Certainly it makes sense to expect that every lay ecclesial minister has a basic competence in each of these areas. But how do you measure such competence? When choosing a volunteer coordinator from the community, the community has the advantage of knowing the members and thus having a fairly good understanding of how the candidate matches up to these standards. But if the parish is hiring, often the applicants are not familiar to the interview team. So how does one begin to assess candidates for these positions? Of course, any interview should ask the candidate to speak about their previous experiences, but such narratives do not always reveal critical and essential issues. Here are ten key questions that will help an interview team begin to assess candidates using the five National Certification Standards.*

1. Tell about how you came to recognize your call to work in youth ministry?

2. Offer a reflection on any portion of current events from the perspective of the Gospels.

3. What have you done in the past year to continue in the formation of your faith?

4. What connection do you see between your work in youth ministry and mission of the global church?

5. When considering scripture, what is the most important message to carry to young people?

6. What experience have you had with planning and leading liturgical services?

7. What are the goals and principals of Catholic youth ministry, as set forth in Renewing the Vision?

8. What is your vision for adolescent catechesis?

9. What are some strategies that would help a youth minister do the work of an evangelist?

10. What are the pastoral care issues that are the most critical for adolescents today?

Whether the search is for a full time paid coordinator or a volunteer coordinator, interview teams need to keep these basic qualifications in mind as they listen to those being interviewed:

• An understanding of youth culture, able to affirm what is good in the adolescent world

• Experience managing volunteers in small and larger tasks

• Successful experience of working with adolescents

• Catholic and able to model Catholic values and morals.

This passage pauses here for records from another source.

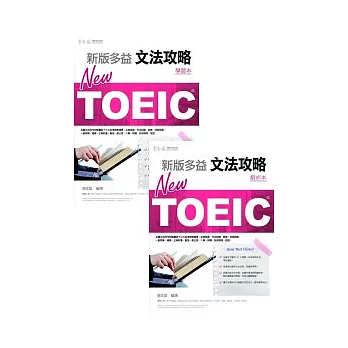 NEW TOEIC 文法攻略：學習本+解析本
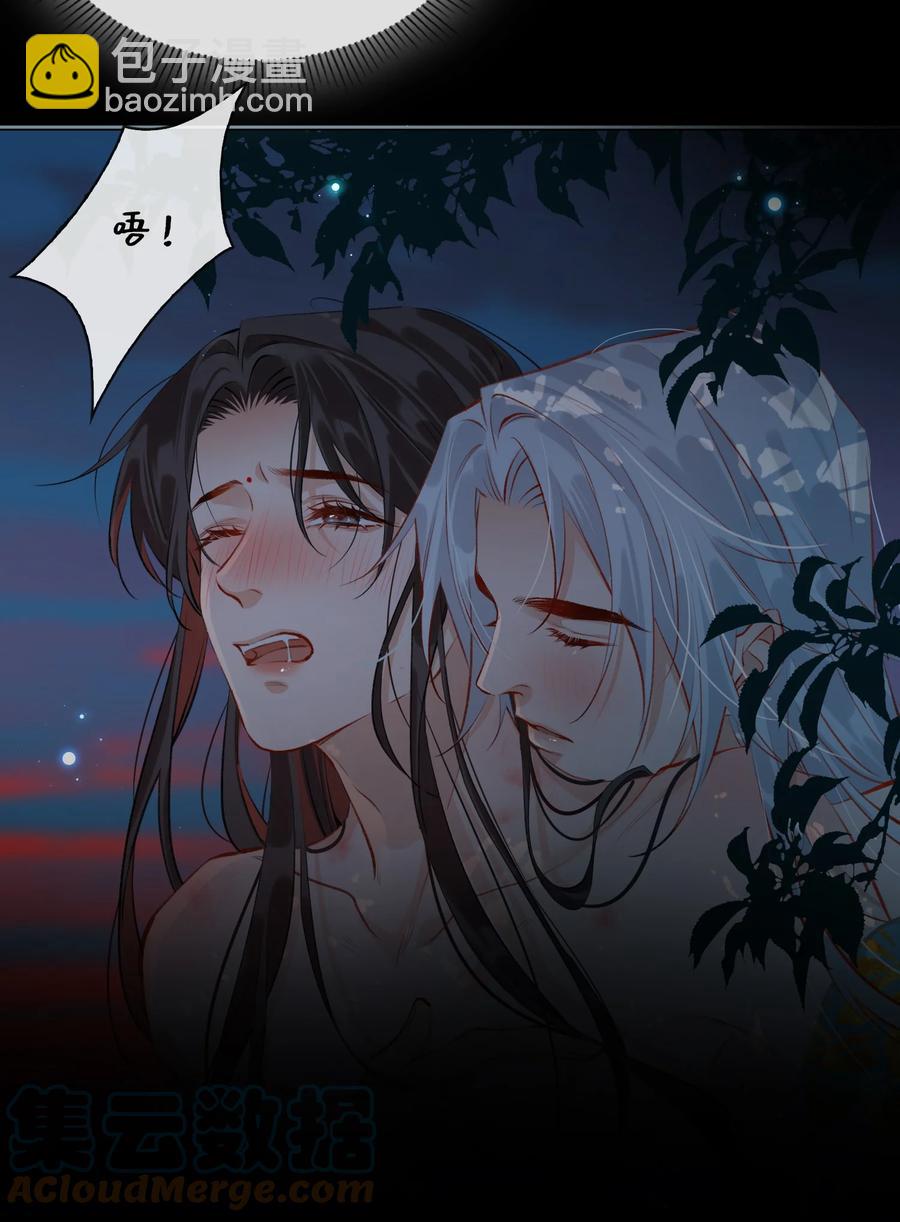 第36话 容云的过去-第41话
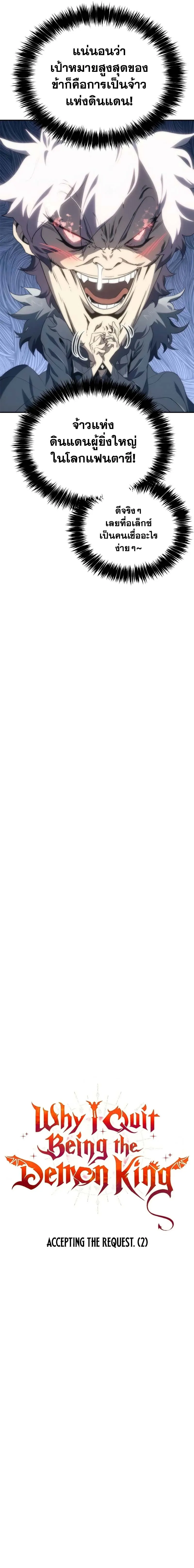 The Reason Why I Quit Demon King ตอนที่ ตอนที่ 9 รูปที่ 5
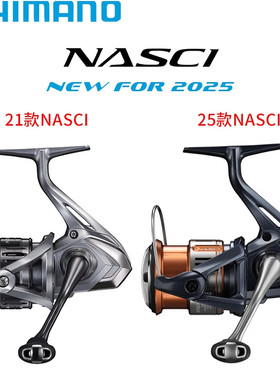 25款SHIMANO禧玛诺纳西NASCI纺车轮 斜口浅线杯远投路亚金属渔轮
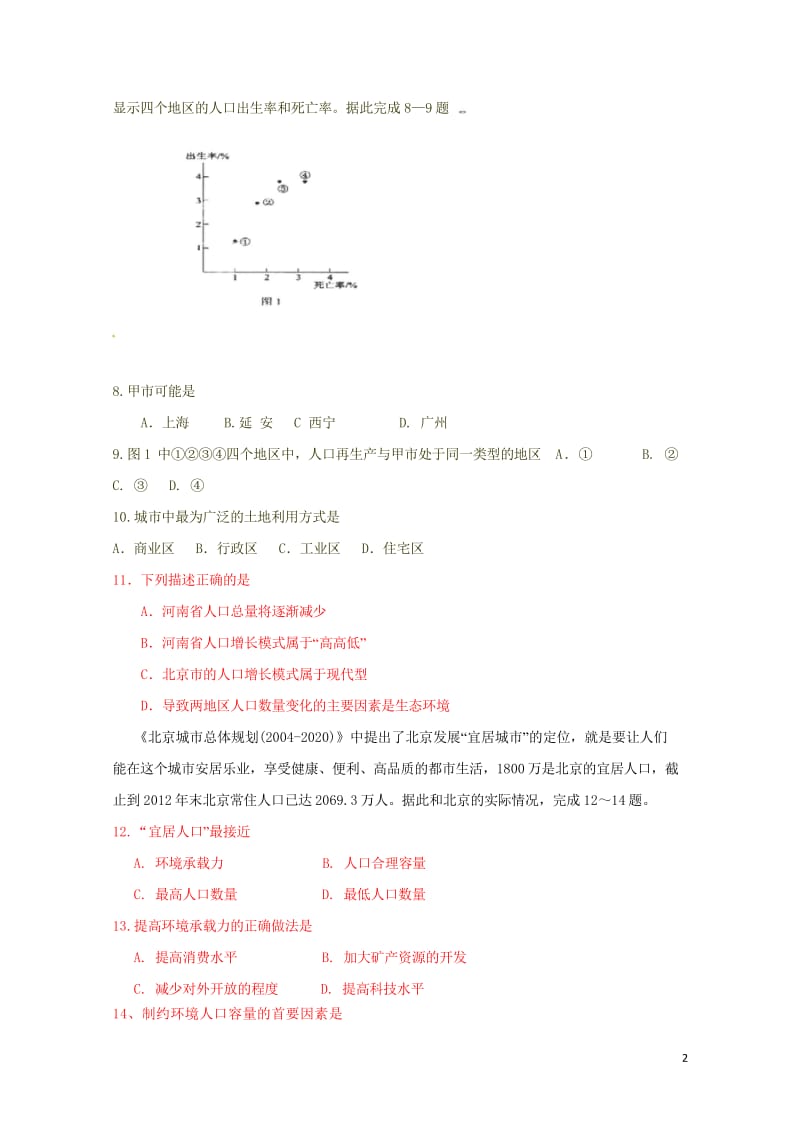 北京市昌平区2016_2017学年高一地理下学期期中试题201708080129.wps_第2页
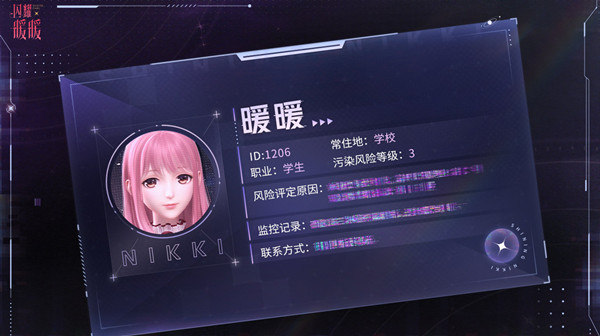 闪耀暖暖未知讯号活动攻略   三周年庆未知讯号活动怎么玩[多图]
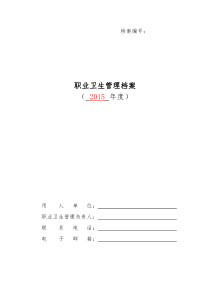 职业卫生管理档案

• Awareness of and ability to positively represent the teaching of the Catholic Church

• Ability to take direction from a supervisor and to work collaborative

Like the standards above, this simple list is easy to articulate but difficult to measure in an interview. If an interview team has not be able to hear about a candidates ability in one or more of these areas, the team members must be ready to ask directly for the candidate to give examples.

• Give an example of something in the culture of today’s adolescents that is worth affirming.

• Tell about a project where you were responsible for managing volunteers

• What has been your best experience of working with adolescents…your worst?

• Who is someone who has modeled Catholic values and morals for you?

• Are their any teachings of the Catholic Church that you could not represent to young people accurately and positively?

• Share a positive experience of supervision [where you the supervisor or supervised]

When choosing a coordinator for your youth ministry for the parish, be familiar with the job description. Gather a team together for the interview that is diverse in age and role within the parish youth ministry program. Be clear about who has the final decision in the hiring. In parishes, it is ultimately the pastor’s responsibility to hire which the interview committee recommends candidates to hire. Interview committees should have some basic answers to questions regarding salary, budget, benefits, and accountability.

Twenty?five years ago, pizza, guitars and vans were the criteria for selecting the parish youth minister. Today, the criteria seem less epic but much more to the point.

*Many of these questions are adapted from Growing in Competency: A Self Assessment Tools for Youth Ministry Leader, written and Catherine Becker and published by NFCYM.